Batch Normalization, Layer Normalization and Root Mean Square Layer Normalization: A Comprehensive Guide with Python Implementations

Introduction

Stabilizing and accelerating the training of neural networks often hinge on the normalization techniques employed. While the theory behind normalization appears straightforward, its practical applications come in various flavours, each with unique merits and shortcomings.

This post will explore three popular types of normalizations:

Batch Normalization (BatchNorm)
Layer Normalization (LayerNorm)
Root Mean Square Layer Normalization (RMSNorm)

We'll cover:

The mathematics behind each technique
A discussion on computational complexity
The pros and cons of each method

Batch Normalization

Overview

Batch Normalization, introduced by Sergey Ioffe and Christian Szegedy [1], aims to normalize the outputs of a layer across each feature dimension for a given mini-batch during training.
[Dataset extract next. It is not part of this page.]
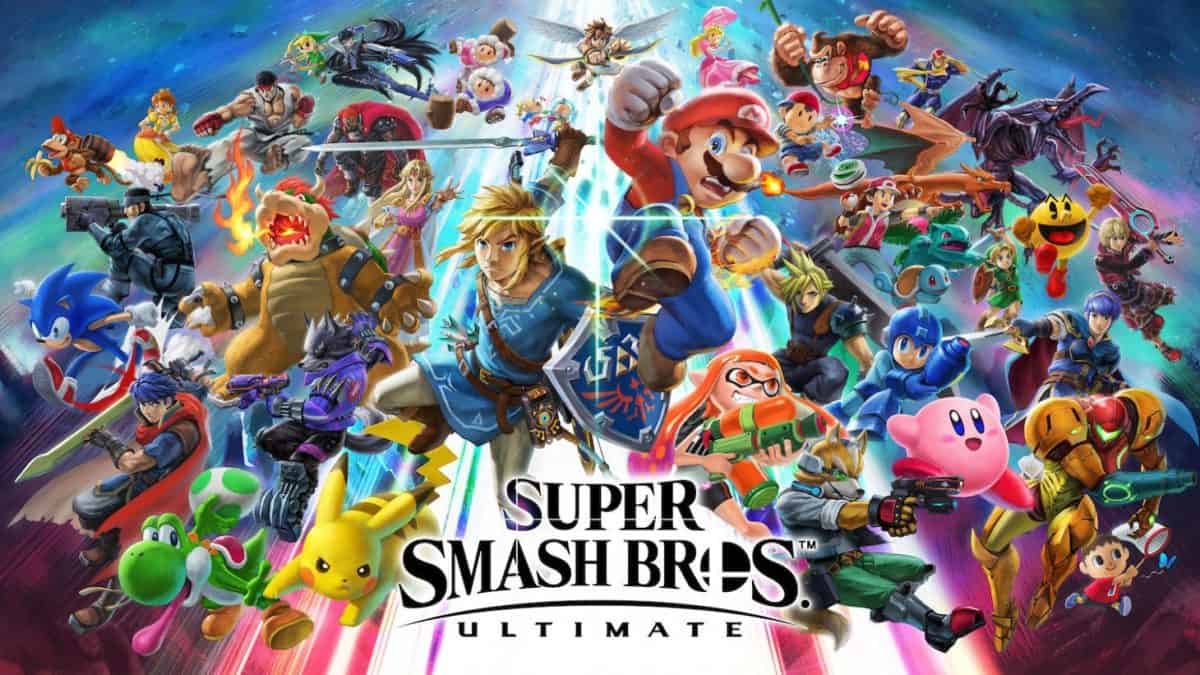 How much data does Super Smash Bros Ultimate use? EvdodepotUSA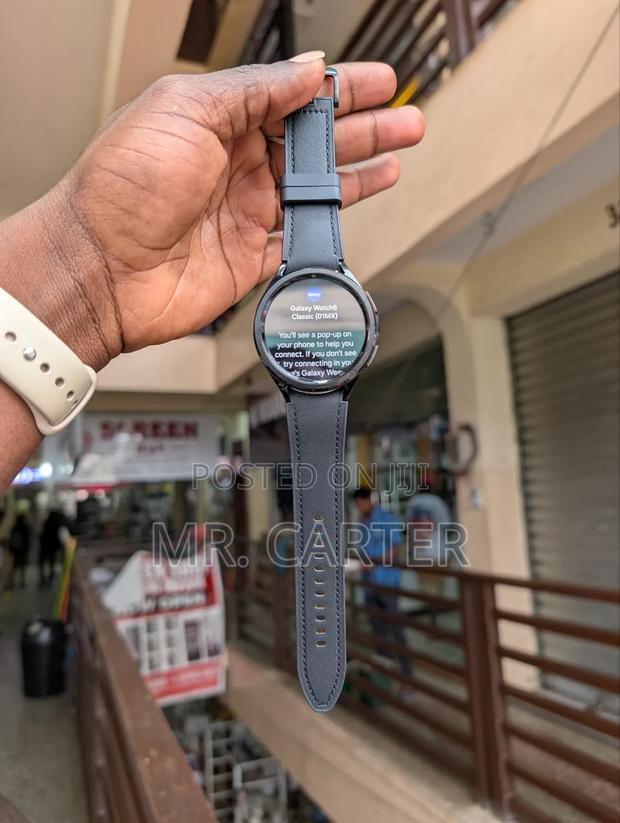 Watch6 Classic 47mm · Photo 1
To put it simply, it uses the statistics (mean and variance) computed across all instances in the mini-batch.

Equation

The output \(\hat{x}\) is computed as:

\[\hat{x} = \frac{x - \mathbb{E}_{\text{mini-batch}}(x)}{\sqrt{Var_{\text{mini-batch}}(x) + \epsilon}} \cdot \gamma + \beta\]
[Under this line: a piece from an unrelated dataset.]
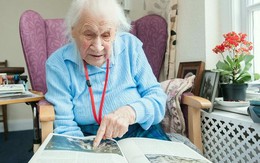 Tiết lộ bí quyết sống thọ cực lạ lùng của cụ bà hơn 100 tuổi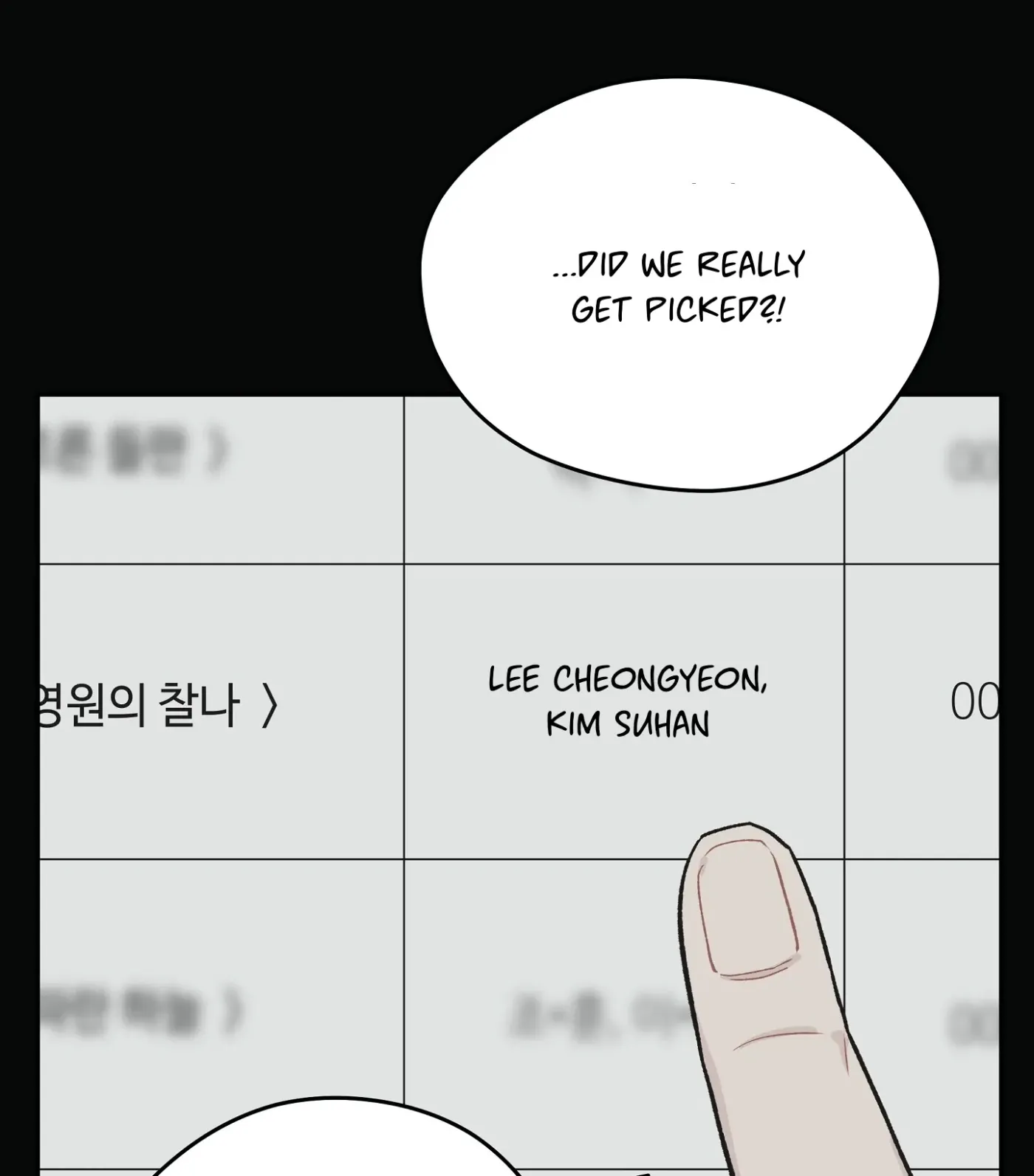 SOS! Fledgling Report Chapter 9 page 15 -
Here, \(\mathbb{E}_{\text{mini-batch}}(x)\) and \(Var_{\text{mini-batch}}(x)\) are the mean and variance, computed per feature over the mini-batch, and \(\epsilon\) is a small constant for numerical stability. \(\gamma\) and \(\beta\) are scaling and shifting learnable parameters, respectively.

Running Statistics

Batch Norm also demands the calculation and storage of running statistics for both the mean and variance. During training, these are calculated as the exponential moving average (EMA), updated using a scalar momentum term \(\alpha\), such that \(y_{EMA_i} = \alpha y_{EMA_{i-1}} + (1 - \alpha)y_i\) where \(i\) is the current training step. During inference, the stored running statistics are used to normalise the single sample.

Properties

Compared to no-normalization, Batch Norm:

Reduces internal covariate shift (i.e. reduces the change in the distributions of layers' input)
Speeds up convergence
Enables higher learning rates
Less sensitive to initialization

Python Implementation

class BatchNorm(nn.Module):
    def __init__(
        self, 
        size: int,
        eps: float = 1e-5, 
    ):
        """
        Batch Normalization.
        Assumes the shape of the input x is (batch, seq_len, d_model)

        Args:
            size: shape of the feature dimention (i.e. d_model)
            eps: For numerical stability. Defaults to 1e-5.
        """
        super(BatchNorm, self).__init__()
        self.eps = eps
        self.gamma = nn.Parameter(torch.ones(size), requires_grad=True)
        self.beta = nn.Parameter(torch.ones(size), requires_grad=True)

    def forward(self, x):
        x_var, x_mean = torch.var_mean(x, dim=[0,1], keepdim=True, correction=0)
        x_std = torch.sqrt(x_var + self.eps)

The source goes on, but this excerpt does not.